▸ TASK DIRECTIONS
Once the pictures are removed, restate the data below word for word.

▸ COLLECTED MATERIAL
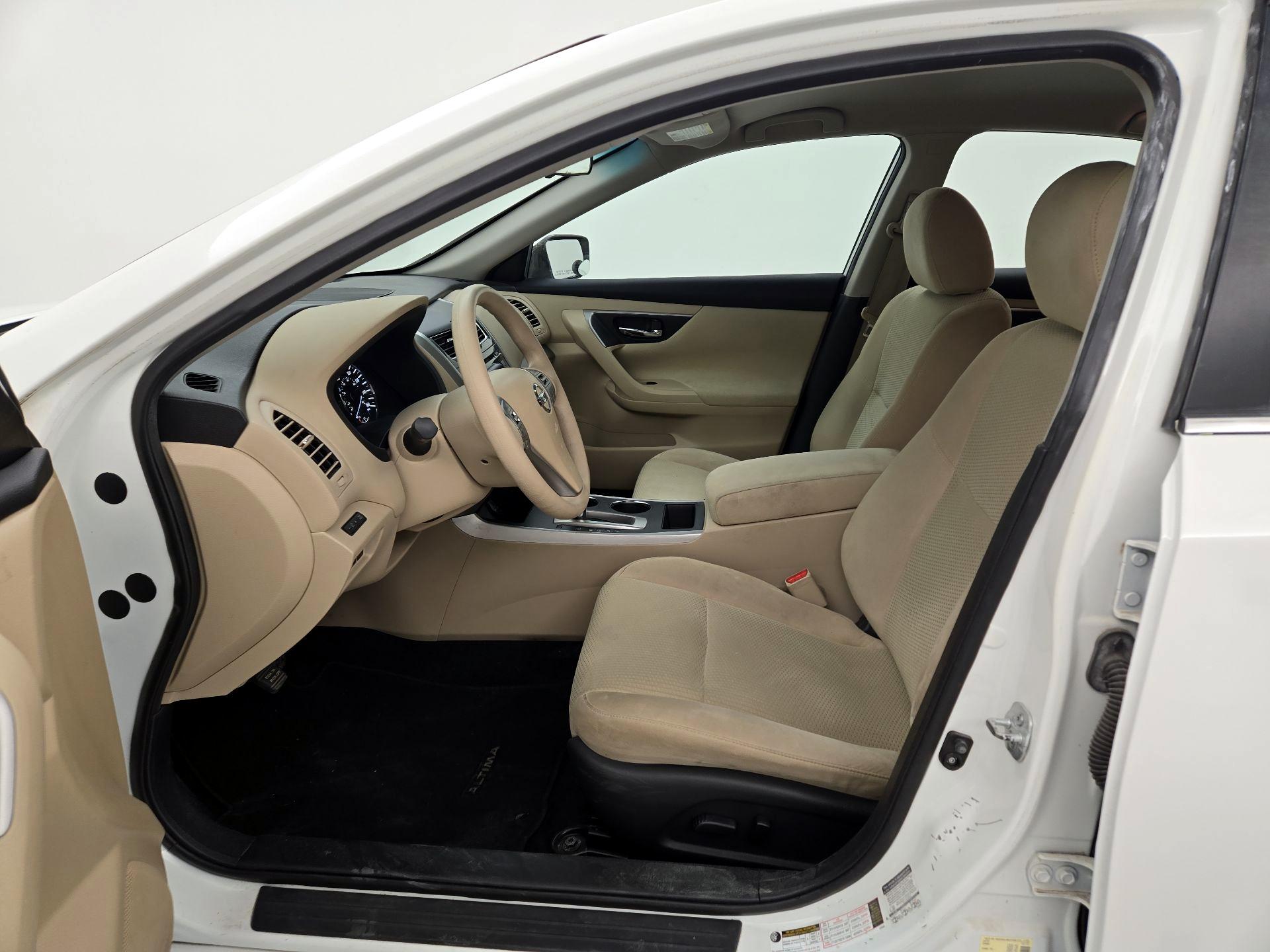 Thumbnail: 2015 Nissan Altima - 11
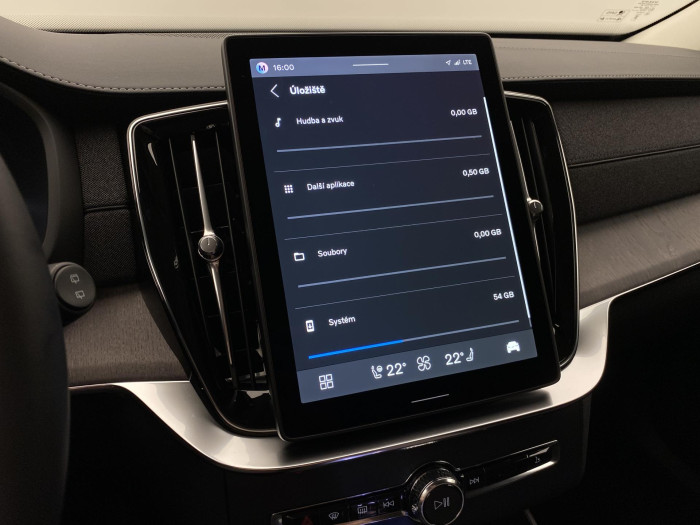 Volvo XC90 T8 AWD RECHARGE DARK PLUS 7m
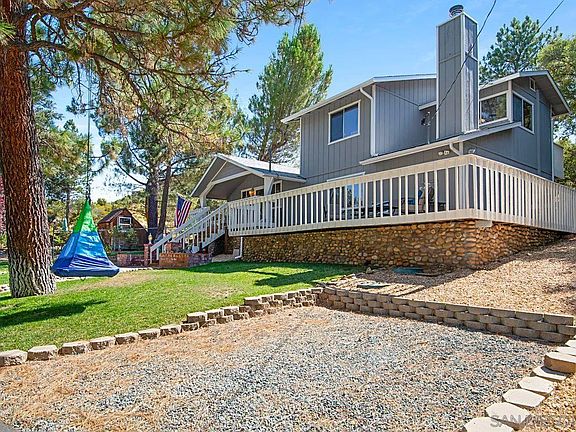 4th image of 8025 Lilac Ln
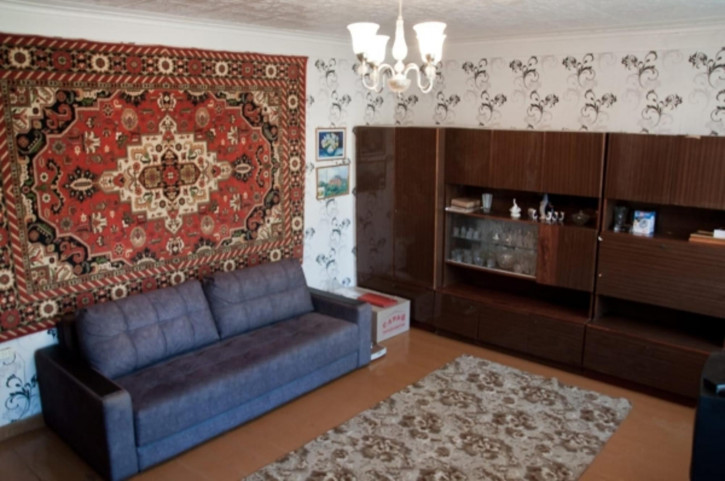 2-комн квартира ул Советской Армии, 4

▸ TASK RESULT
 Thumbnail: 2015 Nissan Altima - 11
 Volvo XC90 T8 AWD RECHARGE DARK PLUS 7m
 4th image of 8025 Lilac Ln
 2-комн квартира ул Советской Армии, 4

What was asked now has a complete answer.